En deuxième lieu, aux termes de l’article 1er de la convention européenne de sauvegarde des droits de l’homme et des libertés fondamentales « Les Hautes parties contractantes reconnaissent à toute personne relevant de leur juridiction les droits et libertés définis au titre I de la présente convention » et aux termes de l’article 3 de la convention européenne de sauvegarde des droits de l’homme et des libertés fondamentales : « Nul ne peut être soumis à la torture ni à des peines ou traitements inhumains ou dégradants. »
La requérante, qui se borne à faire valoir qu’elle ne peut retourner dans son pays d’origine en raison des graves répercussions que cela aurait sur son état de santé, ne produit aucun élément de nature à établir la réalité des traitement inhumains et dégradant auxquelles elle serait exposée en cas de retour dans son pays d’origine.
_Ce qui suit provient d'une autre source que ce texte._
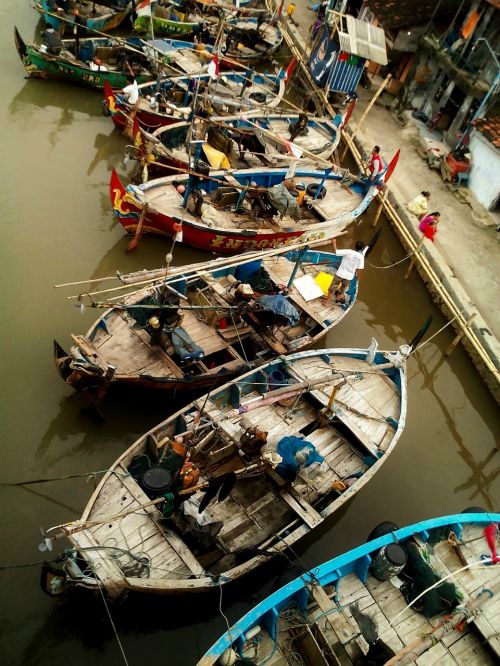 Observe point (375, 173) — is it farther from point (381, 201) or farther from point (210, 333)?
point (210, 333)

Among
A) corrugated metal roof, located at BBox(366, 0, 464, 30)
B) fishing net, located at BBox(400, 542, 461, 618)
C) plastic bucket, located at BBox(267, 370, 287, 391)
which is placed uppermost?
corrugated metal roof, located at BBox(366, 0, 464, 30)

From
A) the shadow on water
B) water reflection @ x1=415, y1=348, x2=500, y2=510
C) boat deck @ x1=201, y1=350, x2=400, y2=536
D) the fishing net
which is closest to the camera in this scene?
the fishing net

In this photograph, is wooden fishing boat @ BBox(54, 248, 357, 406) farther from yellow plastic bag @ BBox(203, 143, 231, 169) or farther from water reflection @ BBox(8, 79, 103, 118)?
water reflection @ BBox(8, 79, 103, 118)

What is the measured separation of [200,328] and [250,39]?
22018 millimetres

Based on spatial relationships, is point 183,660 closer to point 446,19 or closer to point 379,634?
point 379,634

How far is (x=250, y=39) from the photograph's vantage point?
98.5 ft

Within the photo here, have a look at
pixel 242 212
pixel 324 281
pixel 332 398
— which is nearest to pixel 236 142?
pixel 242 212

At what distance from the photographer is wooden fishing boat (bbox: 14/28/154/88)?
2280 centimetres

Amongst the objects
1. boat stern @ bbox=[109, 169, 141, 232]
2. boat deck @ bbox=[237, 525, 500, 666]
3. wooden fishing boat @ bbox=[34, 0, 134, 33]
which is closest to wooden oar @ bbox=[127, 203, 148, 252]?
boat stern @ bbox=[109, 169, 141, 232]

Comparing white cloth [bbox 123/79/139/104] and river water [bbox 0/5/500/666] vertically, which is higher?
white cloth [bbox 123/79/139/104]

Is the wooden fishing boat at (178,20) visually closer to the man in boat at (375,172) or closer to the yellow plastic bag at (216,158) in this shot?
the yellow plastic bag at (216,158)

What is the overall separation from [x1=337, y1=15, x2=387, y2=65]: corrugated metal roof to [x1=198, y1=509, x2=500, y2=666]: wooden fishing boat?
2269cm

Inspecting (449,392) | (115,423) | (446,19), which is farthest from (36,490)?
(446,19)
Par suite, le moyen tiré de ce que la décision attaquée aurait été prise en méconnaissance des stipulations précitées ne peut qu’être écarté.
En dernier lieu, pour les mêmes motifs que ceux énoncés au point 5 et 8 du présent jugement, Mme B… n’est pas fondée à soutenir que le préfet des Yvelines aurait méconnu les stipulations de l’article 8 de la convention européenne de sauvegarde des droits de l’homme et des libertés fondamentales.
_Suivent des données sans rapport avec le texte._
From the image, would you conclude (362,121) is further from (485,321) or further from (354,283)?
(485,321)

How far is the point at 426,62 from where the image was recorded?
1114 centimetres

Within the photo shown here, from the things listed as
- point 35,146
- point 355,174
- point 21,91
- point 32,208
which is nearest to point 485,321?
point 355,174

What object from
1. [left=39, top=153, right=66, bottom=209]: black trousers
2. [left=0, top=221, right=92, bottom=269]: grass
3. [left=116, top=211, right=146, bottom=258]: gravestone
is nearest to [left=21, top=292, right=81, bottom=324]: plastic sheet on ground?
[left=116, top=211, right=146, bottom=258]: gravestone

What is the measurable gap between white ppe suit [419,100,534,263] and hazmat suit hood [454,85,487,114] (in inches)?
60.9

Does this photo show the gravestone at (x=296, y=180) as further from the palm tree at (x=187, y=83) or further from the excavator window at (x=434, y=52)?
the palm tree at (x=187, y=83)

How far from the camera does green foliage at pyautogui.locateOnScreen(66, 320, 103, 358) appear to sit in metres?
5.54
Sur la décision fixant à trente jours le délai de départ :
En premier lieu, le moyen tiré de l’illégalité, par voie d’exception, du refus de titre de séjour et de l’obligation de quitter le territoire français doit être écarté.
En deuxième lieu pour les mêmes motifs que ceux énoncés au point 13 du présent jugement, Mme B… n’est pas fondée à soutenir que le préfet des Yvelines aurait méconnu les stipulations de l’article 3 de la convention européenne de sauvegarde des droits de l’homme et des libertés fondamentales.
En dernier lieu, pour les mêmes motifs que ceux énoncés au point 5 et 8 du présent jugement, Mme B… n’est pas fondée à soutenir que le préfet des Yvelines aurait méconnu les stipulations de l’article 8 de la convention européenne de sauvegarde des droits de l’homme et des libertés fondamentales.
Il résulte de tout ce qui précède que les conclusions à fin d’annulation de la requête doivent être rejetées ainsi que, par voie de conséquence, les conclusions à fin d’injonction et d’astreinte.
D É C I D E :
Article 1er : La requête de Mme B… est rejetée.
Article 2 : Le présent jugement sera notifié à Mme B… et au préfet des Yvelines.
Délibéré après l’audience du 10 mars 2026, à laquelle siégeaient :
- M. Doré, président,
- Mme L’Hermine première conseillère,
- Mme Hardy, première conseillère.
Rendu public par mise à disposition au greffe le 24 mars 2026.
Le président-rapporteur,
signé
F. Doré
L’assesseure la plus ancienne,
signé
M. L’Hermine
La greffière,
signé
S. Paulin
La République mande et ordonne au préfet des Yvelines en ce qui le concerne, ou à tous commissaires de justice à ce requis en ce qui concerne les voies de droit commun contre les parties privées, de pourvoir à l’exécution du présent jugement.